“Andrea” came to Shift Cognitive Therapy because of a conflict with a new coworker. She was upset that she couldn’t resolve the conflict on her own and that her employer was doing little to help, despite having been with the company for many years.

That felt “like a slap in the face” to Andrea, because she had always put others first even at her own expense. Feeling unimportant, she worried things would get worse. Over time she found it harder to focus and felt anxious. She spiraled into depression and eventually felt suicidal.

We helped Andrea to focus on her thoughts and feelings and discovered negative patterns. She believed she was inadequate, that she had to resolve every problem by herself, and that showing feelings meant she was weak. Unable to resolve the conflict on her own or to tolerate the anxious feelings it created supported her belief that she was inadequate and weak. Asking for help “proved it.”

Working with her psychologist, Andrea realized that those were very old thoughts, formed in childhood as she coped with unhappy parents who fought intensely. She learned to keep these family secrets by hiding her feelings and coping alone. She also played the role of ‘the good girl’ to prevent any further upset. However, unable to fix her parents’ marriage, young Andrea concluded that it was somehow her fault. She figured if only she worked harder, was nicer, got good grades, then maybe she could make things better. These beliefs took root and she became an adult who masked her feelings, focused only on others, and believed that she was a flawed person whom others would reject unless she won their approval.
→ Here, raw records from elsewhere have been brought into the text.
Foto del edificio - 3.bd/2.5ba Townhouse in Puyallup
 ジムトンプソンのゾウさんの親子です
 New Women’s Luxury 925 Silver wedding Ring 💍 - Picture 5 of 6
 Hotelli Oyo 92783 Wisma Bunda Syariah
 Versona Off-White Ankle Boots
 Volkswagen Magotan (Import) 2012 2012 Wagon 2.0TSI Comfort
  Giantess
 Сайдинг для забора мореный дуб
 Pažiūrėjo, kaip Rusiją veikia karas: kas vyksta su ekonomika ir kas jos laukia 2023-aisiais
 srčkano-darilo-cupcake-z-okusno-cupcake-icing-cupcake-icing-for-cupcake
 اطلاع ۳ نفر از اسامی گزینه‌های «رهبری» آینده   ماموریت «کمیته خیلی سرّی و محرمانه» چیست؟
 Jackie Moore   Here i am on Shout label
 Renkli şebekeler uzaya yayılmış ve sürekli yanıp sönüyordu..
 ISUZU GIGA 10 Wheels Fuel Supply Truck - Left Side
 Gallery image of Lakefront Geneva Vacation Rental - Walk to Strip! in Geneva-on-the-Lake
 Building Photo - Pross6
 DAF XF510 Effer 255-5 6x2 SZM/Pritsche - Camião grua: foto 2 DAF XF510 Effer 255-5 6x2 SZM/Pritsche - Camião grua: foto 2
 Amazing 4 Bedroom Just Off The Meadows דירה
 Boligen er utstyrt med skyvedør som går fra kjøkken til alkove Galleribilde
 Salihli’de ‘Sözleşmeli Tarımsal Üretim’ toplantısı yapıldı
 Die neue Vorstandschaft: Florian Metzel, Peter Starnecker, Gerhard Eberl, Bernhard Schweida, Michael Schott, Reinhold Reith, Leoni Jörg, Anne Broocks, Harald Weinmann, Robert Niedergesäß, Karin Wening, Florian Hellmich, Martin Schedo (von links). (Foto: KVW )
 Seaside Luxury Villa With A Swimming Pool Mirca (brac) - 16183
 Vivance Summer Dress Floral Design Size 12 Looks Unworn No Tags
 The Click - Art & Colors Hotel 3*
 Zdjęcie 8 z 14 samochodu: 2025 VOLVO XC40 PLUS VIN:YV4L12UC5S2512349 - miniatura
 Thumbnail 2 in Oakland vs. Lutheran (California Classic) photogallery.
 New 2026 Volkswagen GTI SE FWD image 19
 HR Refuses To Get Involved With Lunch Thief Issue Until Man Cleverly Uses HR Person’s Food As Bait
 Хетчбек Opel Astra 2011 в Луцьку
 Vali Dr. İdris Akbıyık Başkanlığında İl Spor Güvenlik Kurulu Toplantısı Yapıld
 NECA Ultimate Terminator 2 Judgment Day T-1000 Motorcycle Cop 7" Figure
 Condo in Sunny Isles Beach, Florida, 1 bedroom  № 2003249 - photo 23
Andrea’s life changed when she decided, “It’s okay to ask for help” and realized that the effort of struggling actually proved she was strong. She and her psychologist identified more realistic ways to think about herself and came up with new strategies to deal with situations in her everyday life. Andrea returned to work successfully and reported feeling happier and more in control because she was learning to take care of herself.

* Based on an actual client. Used with permission.